**Problem details**
In the entries that follow, find every line containing "photo" and copy it.

**Extracted data**
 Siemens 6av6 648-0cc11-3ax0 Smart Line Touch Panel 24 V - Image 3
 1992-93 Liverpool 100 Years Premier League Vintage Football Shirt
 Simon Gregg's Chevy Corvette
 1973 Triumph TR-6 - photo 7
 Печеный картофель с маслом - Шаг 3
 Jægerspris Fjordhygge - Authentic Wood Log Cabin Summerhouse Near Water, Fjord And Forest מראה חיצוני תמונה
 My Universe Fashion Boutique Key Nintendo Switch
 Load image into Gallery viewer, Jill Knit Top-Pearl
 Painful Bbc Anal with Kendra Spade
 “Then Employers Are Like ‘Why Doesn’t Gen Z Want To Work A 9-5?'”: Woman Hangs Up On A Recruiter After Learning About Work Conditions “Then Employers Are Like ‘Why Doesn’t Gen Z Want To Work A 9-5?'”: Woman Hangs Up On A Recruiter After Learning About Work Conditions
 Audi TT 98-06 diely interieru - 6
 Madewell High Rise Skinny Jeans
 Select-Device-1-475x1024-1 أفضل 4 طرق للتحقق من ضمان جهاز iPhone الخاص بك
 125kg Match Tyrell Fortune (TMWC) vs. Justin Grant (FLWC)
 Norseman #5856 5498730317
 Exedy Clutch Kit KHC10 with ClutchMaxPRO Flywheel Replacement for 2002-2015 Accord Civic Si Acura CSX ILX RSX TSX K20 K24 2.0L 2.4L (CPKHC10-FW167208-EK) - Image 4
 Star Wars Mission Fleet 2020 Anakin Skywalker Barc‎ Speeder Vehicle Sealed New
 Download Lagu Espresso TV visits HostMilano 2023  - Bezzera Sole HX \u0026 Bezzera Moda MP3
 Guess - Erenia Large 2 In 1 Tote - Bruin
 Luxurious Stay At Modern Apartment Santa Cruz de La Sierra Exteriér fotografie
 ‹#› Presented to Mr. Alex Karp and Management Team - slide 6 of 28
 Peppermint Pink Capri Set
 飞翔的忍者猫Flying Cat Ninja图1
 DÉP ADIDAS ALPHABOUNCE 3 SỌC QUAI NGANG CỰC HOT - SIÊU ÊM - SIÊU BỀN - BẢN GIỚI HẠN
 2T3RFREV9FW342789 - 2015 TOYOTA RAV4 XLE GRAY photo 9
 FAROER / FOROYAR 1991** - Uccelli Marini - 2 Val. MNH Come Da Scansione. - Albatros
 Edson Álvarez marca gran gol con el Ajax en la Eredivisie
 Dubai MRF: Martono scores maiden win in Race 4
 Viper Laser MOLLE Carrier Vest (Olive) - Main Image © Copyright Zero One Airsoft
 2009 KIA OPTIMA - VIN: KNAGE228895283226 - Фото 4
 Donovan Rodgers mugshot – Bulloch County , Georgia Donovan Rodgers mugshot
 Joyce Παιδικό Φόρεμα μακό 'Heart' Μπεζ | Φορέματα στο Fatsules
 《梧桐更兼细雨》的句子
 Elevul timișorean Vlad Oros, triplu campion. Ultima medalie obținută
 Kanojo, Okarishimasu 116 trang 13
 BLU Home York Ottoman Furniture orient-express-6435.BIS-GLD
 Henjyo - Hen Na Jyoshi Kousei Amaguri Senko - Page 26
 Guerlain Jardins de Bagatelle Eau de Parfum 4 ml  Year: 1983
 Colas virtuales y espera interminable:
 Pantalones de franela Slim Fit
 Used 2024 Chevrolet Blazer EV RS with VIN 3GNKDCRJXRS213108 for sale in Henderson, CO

**Solution below**
 1973 Triumph TR-6 - photo 7
 2T3RFREV9FW342789 - 2015 TOYOTA RAV4 XLE GRAY photo 9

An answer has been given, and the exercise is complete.